Exercise prompt>
In the data below, repeat the line containing "Maybe you would" and every following line exactly, up to and including the last line. Exclude pictures.

Data for this exercise>

=====

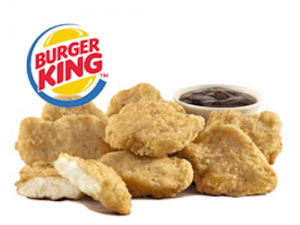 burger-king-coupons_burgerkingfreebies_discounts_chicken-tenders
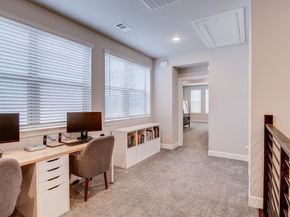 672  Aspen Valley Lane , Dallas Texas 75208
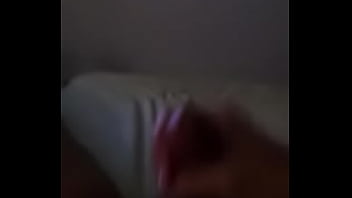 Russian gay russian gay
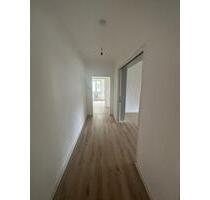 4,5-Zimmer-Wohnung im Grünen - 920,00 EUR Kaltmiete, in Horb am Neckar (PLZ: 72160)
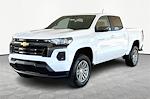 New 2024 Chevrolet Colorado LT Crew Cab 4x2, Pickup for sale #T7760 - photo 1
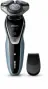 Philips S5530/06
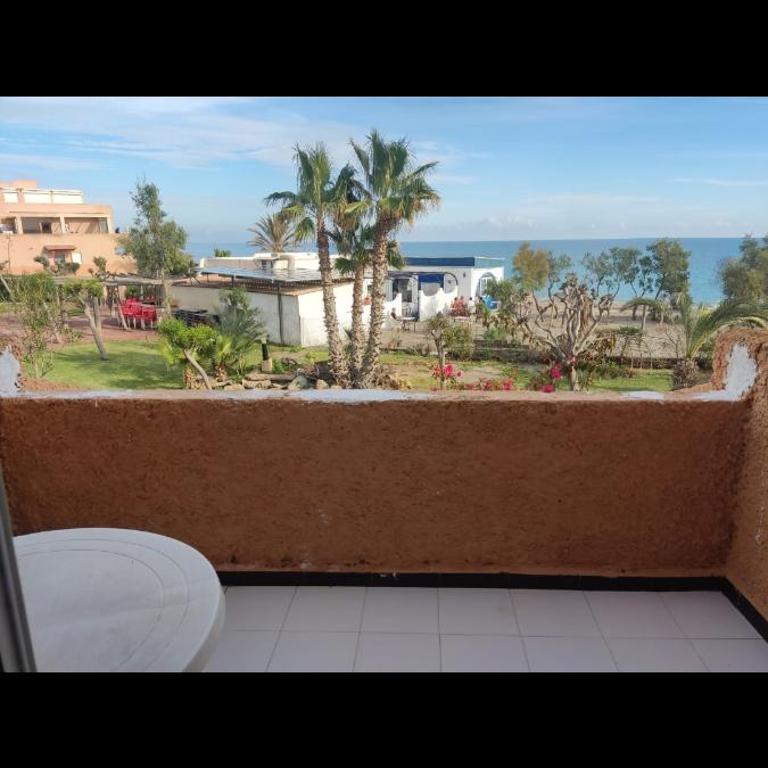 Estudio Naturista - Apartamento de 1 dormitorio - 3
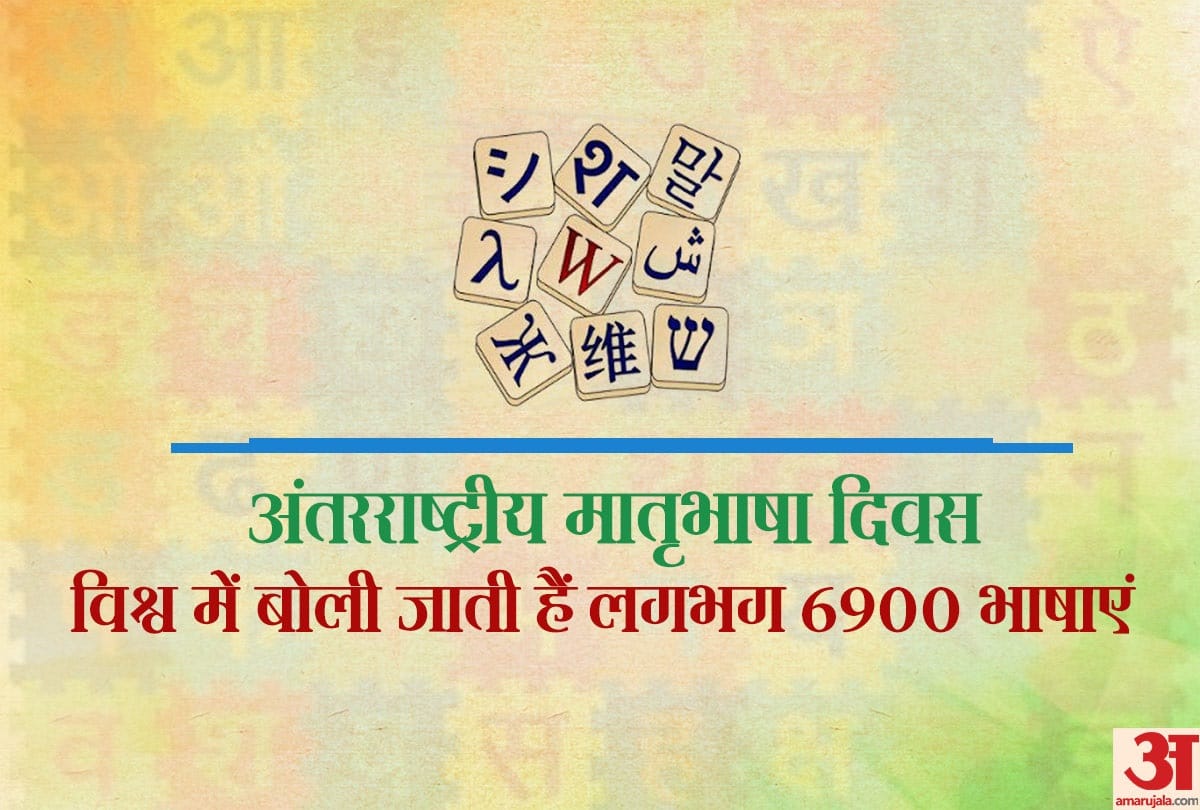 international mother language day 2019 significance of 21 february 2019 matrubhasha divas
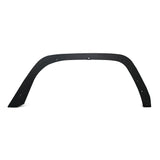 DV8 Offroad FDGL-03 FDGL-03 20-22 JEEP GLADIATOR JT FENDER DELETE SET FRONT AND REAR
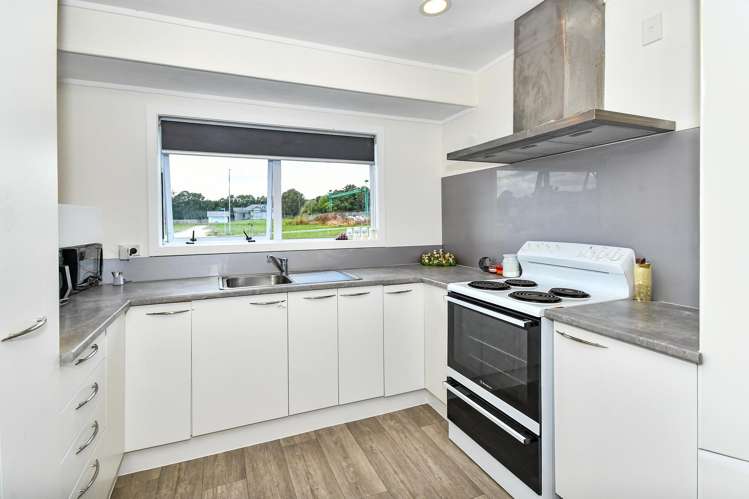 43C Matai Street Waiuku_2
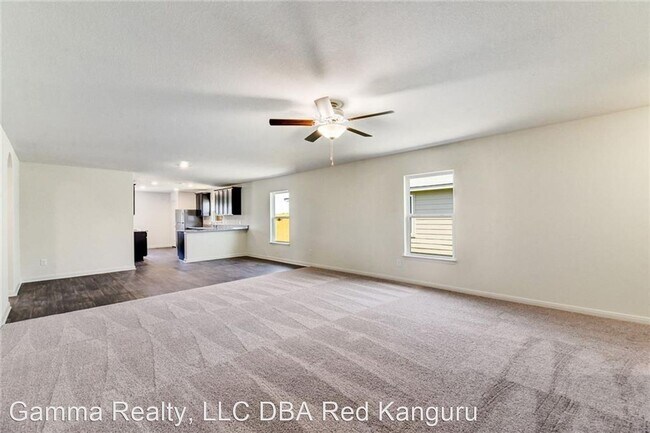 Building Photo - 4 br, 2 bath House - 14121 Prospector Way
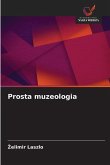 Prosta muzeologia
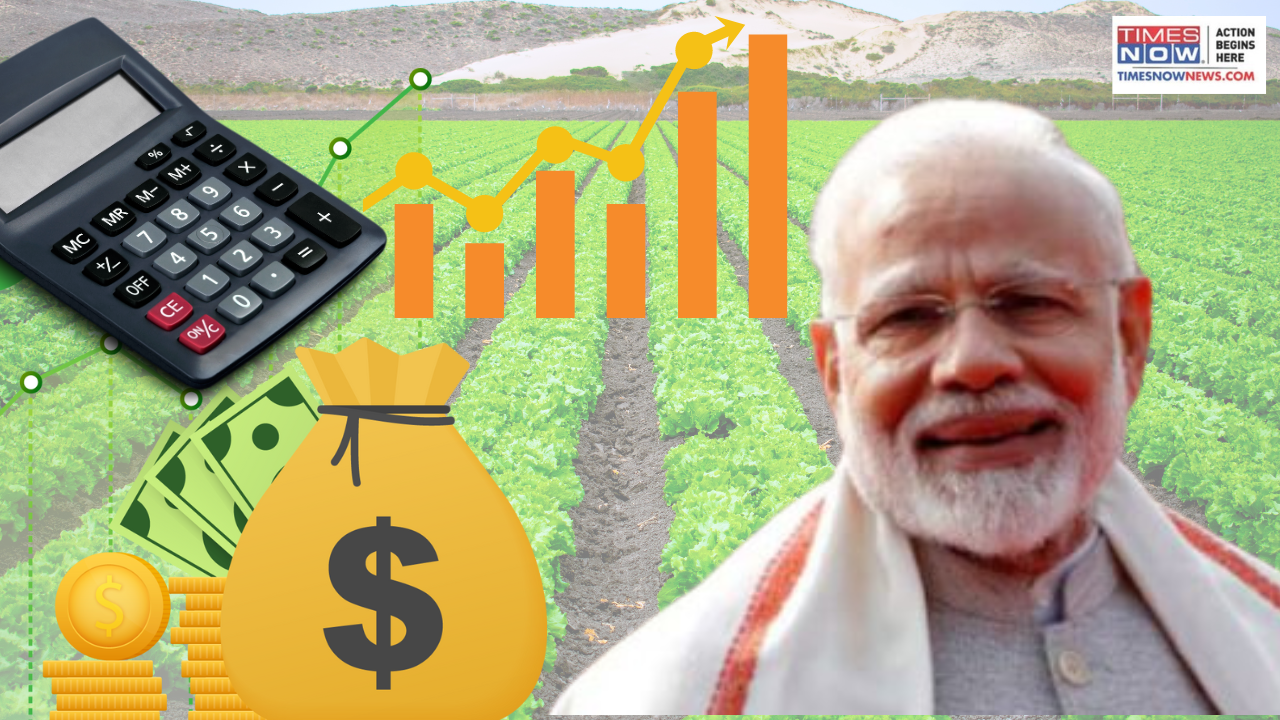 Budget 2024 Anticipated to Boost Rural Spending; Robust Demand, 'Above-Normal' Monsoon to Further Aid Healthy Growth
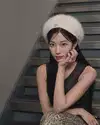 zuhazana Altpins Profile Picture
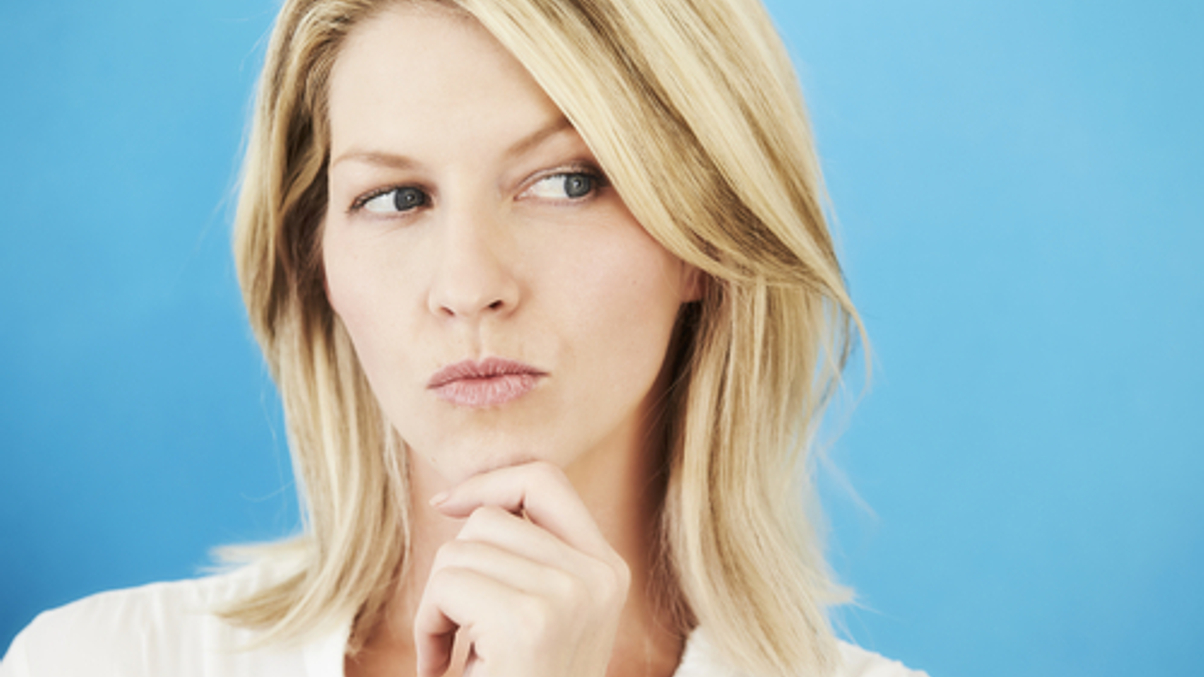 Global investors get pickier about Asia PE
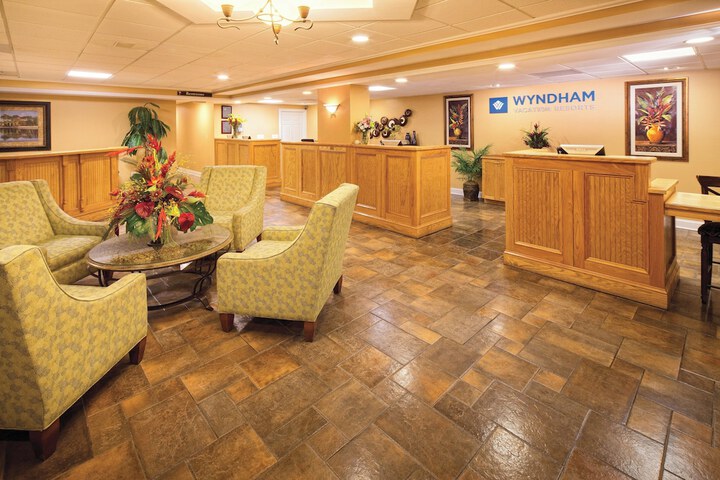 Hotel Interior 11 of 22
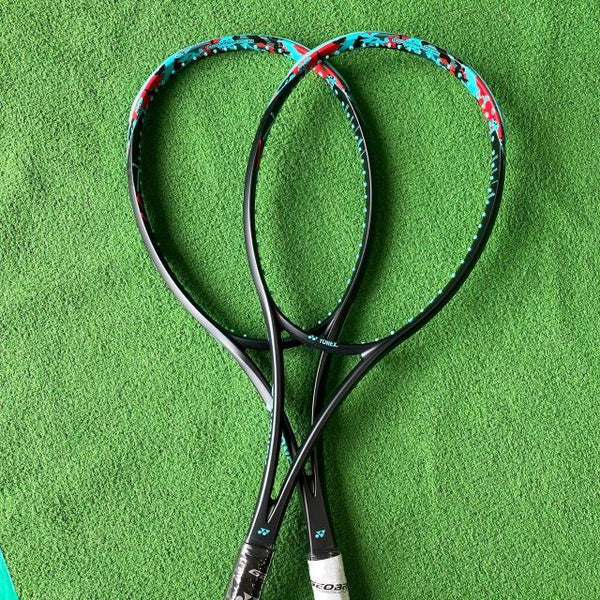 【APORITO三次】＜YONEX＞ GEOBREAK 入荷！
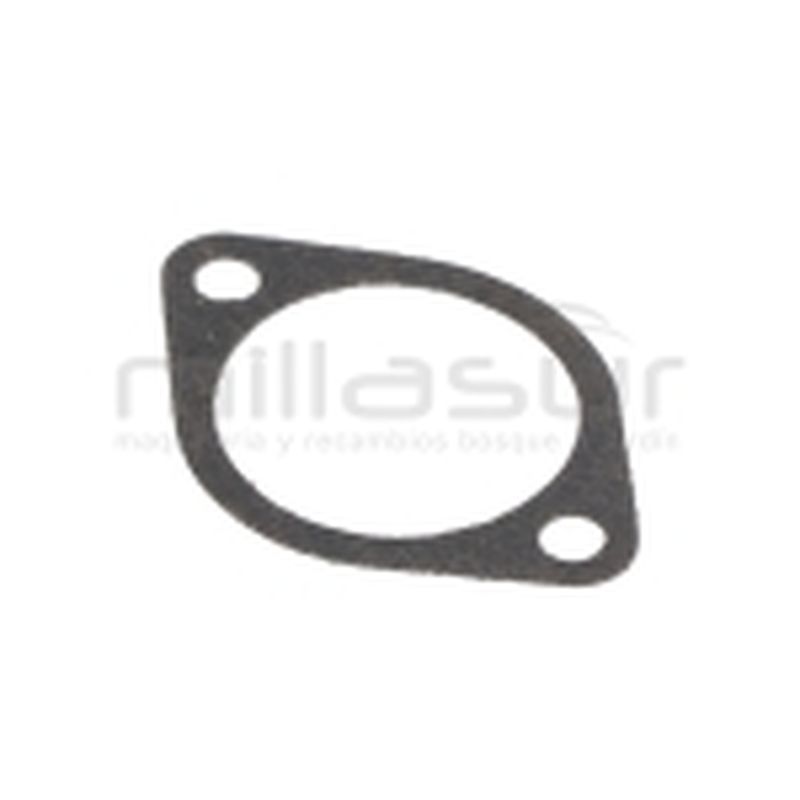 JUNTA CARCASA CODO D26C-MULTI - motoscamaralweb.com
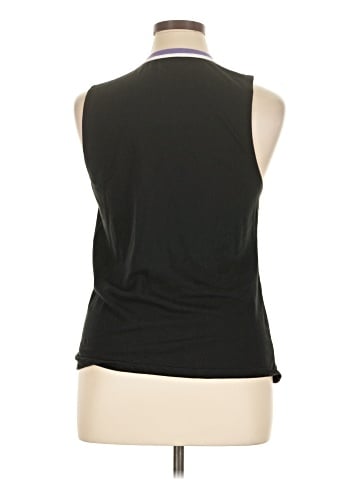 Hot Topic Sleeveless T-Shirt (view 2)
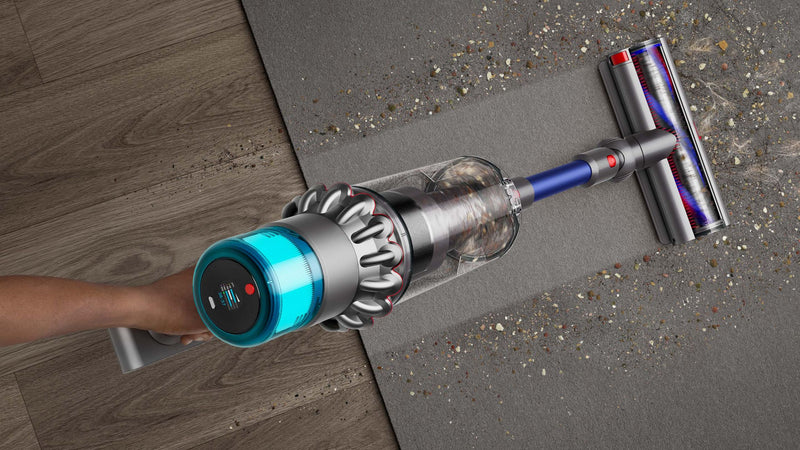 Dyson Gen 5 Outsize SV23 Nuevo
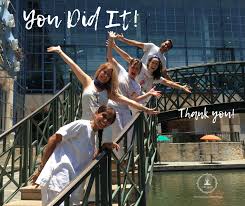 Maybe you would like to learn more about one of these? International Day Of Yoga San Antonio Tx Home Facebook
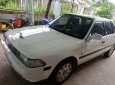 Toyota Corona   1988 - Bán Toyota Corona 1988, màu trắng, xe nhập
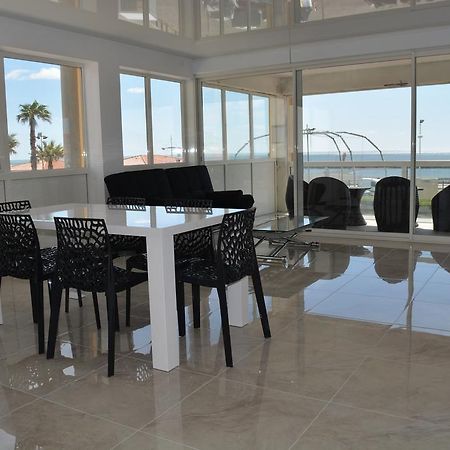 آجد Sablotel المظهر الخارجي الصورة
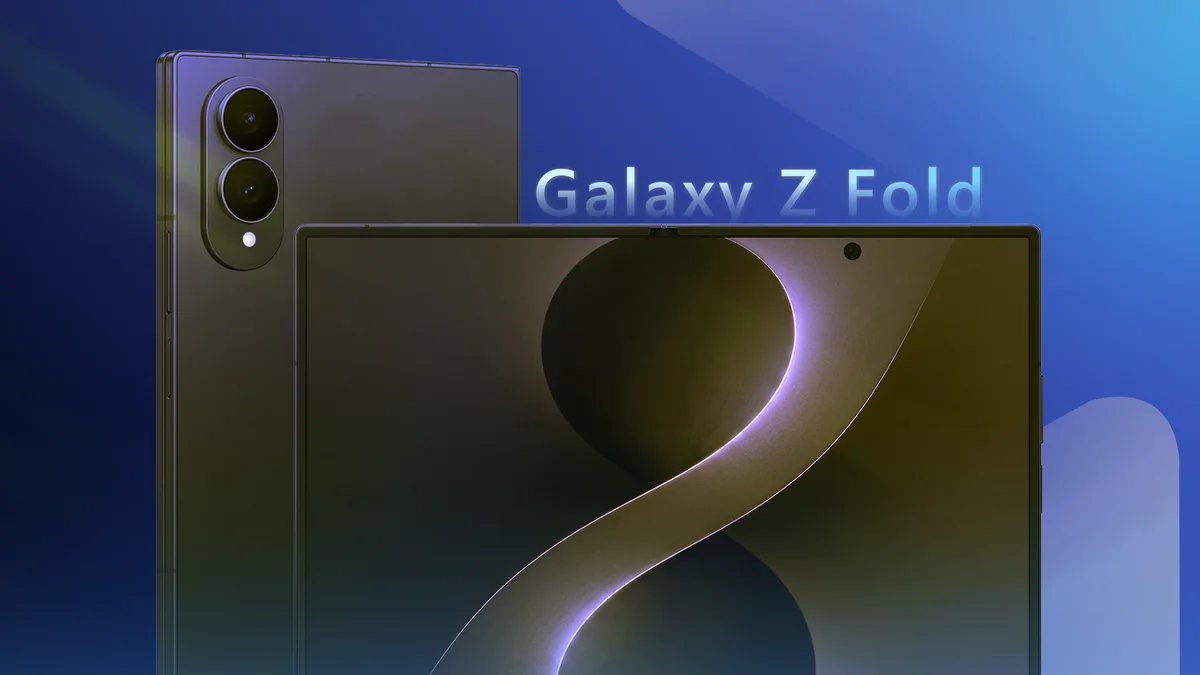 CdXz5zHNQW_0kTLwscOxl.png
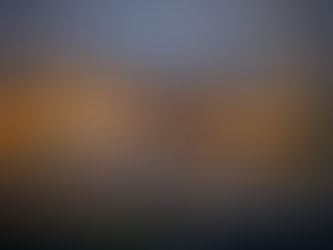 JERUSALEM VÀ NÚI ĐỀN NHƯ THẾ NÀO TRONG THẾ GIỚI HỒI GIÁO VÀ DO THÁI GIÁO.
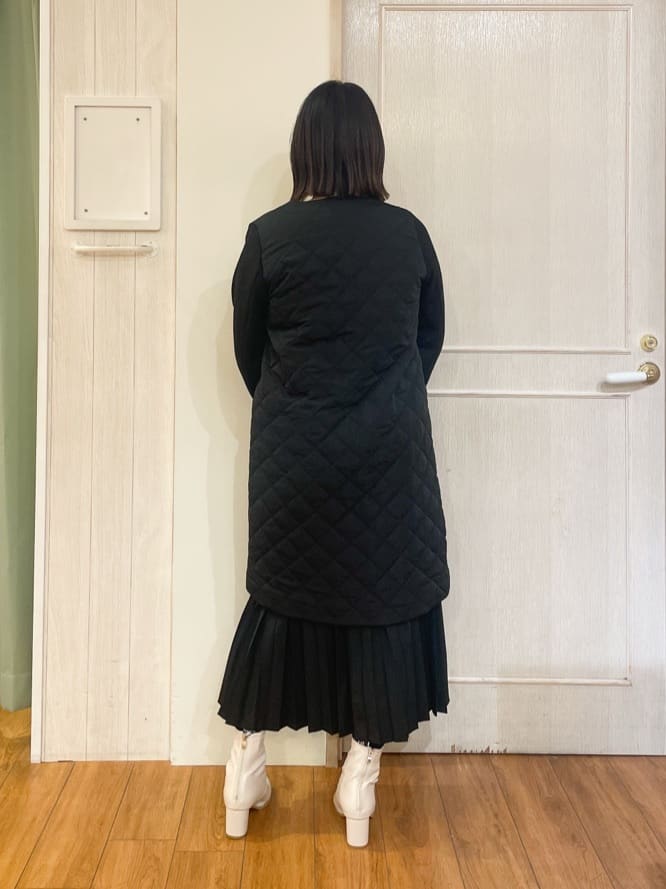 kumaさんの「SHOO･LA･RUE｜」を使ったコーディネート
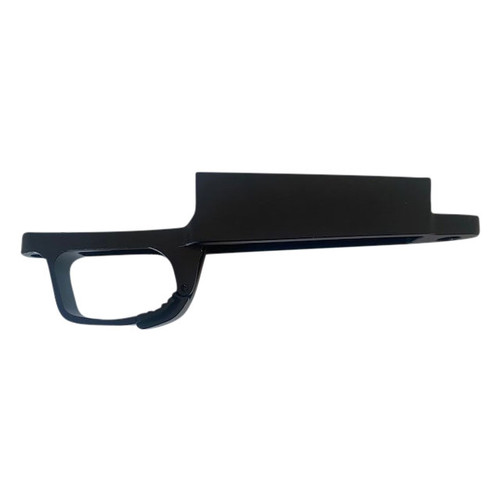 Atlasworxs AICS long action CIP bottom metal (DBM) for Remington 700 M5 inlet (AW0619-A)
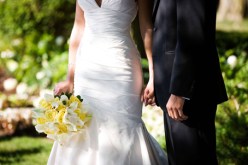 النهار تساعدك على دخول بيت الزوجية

=====

Exercise output>
 Maybe you would like to learn more about one of these? International Day Of Yoga San Antonio Tx Home Facebook
 Toyota Corona   1988 - Bán Toyota Corona 1988, màu trắng, xe nhập
 آجد Sablotel المظهر الخارجي الصورة
 CdXz5zHNQW_0kTLwscOxl.png
 JERUSALEM VÀ NÚI ĐỀN NHƯ THẾ NÀO TRONG THẾ GIỚI HỒI GIÁO VÀ DO THÁI GIÁO.
 kumaさんの「SHOO･LA･RUE｜」を使ったコーディネート
 Atlasworxs AICS long action CIP bottom metal (DBM) for Remington 700 M5 inlet (AW0619-A)
 النهار تساعدك على دخول بيت الزوجية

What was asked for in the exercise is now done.